Presiden ke-7 Republik Indonesia, Joko Widodo, sering dipanggil dengan julukan "Jokowi." Kisah di balik nama panggilan ini cukup menarik.
Istilah itu dikemukakan untuk pertama kalinya oleh seorang laki-laki dari Prancis yang bernama Bernard Chene.
Berdasarkan informasi yang diambil dari saluran YouTube milik Presiden Joko Widodo pada hari Jumat, 8 November 2019, Bernard Chene diketahui sebagai seorang teman dekat Jokowi dengan kewarganegaraan Prancis serta berperan sebagai mitra bisnis bagi si presiden tersebut.
Bernard menjelaskan sebab dibalik pemilihan nama panggilan "Jokowi" yang sudah terkenal itu.

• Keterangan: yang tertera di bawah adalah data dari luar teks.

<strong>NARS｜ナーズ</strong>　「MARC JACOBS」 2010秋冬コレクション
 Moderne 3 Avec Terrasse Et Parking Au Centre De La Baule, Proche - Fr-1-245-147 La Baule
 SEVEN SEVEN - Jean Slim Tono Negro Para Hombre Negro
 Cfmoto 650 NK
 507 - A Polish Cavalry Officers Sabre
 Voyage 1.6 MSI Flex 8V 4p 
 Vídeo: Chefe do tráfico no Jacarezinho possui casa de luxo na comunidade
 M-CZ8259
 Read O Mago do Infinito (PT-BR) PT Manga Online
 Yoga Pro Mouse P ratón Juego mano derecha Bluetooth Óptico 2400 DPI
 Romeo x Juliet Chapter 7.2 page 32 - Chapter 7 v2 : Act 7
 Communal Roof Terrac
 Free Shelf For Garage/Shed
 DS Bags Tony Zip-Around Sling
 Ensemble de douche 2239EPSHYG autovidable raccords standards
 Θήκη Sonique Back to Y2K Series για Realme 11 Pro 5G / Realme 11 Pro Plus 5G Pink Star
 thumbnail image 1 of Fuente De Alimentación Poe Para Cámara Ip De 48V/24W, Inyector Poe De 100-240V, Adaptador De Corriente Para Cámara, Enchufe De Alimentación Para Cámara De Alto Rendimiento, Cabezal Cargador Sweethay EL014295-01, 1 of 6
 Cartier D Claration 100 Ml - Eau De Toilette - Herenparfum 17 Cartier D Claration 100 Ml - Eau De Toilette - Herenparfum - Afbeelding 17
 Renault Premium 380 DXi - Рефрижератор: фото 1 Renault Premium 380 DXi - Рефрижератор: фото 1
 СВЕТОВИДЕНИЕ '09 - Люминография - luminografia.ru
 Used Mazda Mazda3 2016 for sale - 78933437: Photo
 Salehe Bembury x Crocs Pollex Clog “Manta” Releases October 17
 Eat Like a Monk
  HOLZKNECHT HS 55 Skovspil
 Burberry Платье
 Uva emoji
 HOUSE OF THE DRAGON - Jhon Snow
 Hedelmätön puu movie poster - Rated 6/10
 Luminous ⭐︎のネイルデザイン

Memperkenalkan Figur Kiai Karim, Pendamping Doa Jokowi di Surakarta Bersama dengan Pengasuh Pondok Pesantren Az-Zayadiyyah
Menurut dia, panggilan "Joko Widodo" terlalu rumit digunakan dalam obrolan sehari-hari.
Di Prancis, ia dan Jokowi biasanya menggunakan nama panggilan yang lebih pendek.
Bernard lalu menanyakan pada Jokowi apakah dia bisa menyebutnya dengan singkatan "Jokowi" sebagai sapaan informal.
"Bila tidak keberatan, bisakah saya memanggil Anda Jokowi saja?" kata Bernard, dan setuju oleh Jokowi.
Beginilah asal-usul pemberian nama panggilan "Jokowi" yang kini masih menempel sampai saat ini.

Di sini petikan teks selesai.